The just-released National Climate Assessment confirms that growing impacts from climate change, predicted by scientists, are already hitting the U.S. They include significant shifts in precipitation patterns, melting permafrost, longer fire seasons, severe and sustained drought especially in the Southwest, storm and erosion impacts from rising sea level, and much more.

The report, released by the White House on Tuesday, looks at the difference in regional impacts. Particularly hardest hit is Alaska, with small communities already having to move inland due to permafrost melting, coastal erosion and the more rapid increase in average temperatures in the Arctic. The Southeast, though it has observable impacts, shows the least changes thus far due to global warming. Some areas of the Midwest will have longer growing seasons, at least in the short term, but areas dependent on snow pack melting for water are already facing earlier springs with earlier melting of the snow, causing serious problems for agriculture in the late summer.

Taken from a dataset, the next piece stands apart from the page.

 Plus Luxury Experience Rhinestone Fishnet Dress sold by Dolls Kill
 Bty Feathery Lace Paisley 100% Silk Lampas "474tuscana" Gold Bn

Unless there is a shift away from still-escalating greenhouse gas emissions, the report warns, U.S. average temperatures by the end of this century could reach 10 degrees Fahrenheit. The impacts could be catastrophic.

Already, growing stress on water resources is causing conflicts between urban dwellers, farmers, other agricultural interests. The drought currently experienced in California is just a taste of longer and more severe droughts in that region, already significantly water-stressed.

In the eastern U.S., the number of extreme weather events, including very heavy rain events, has increased already. The number of extreme rain events has already increased over 70 percent in the Northeast.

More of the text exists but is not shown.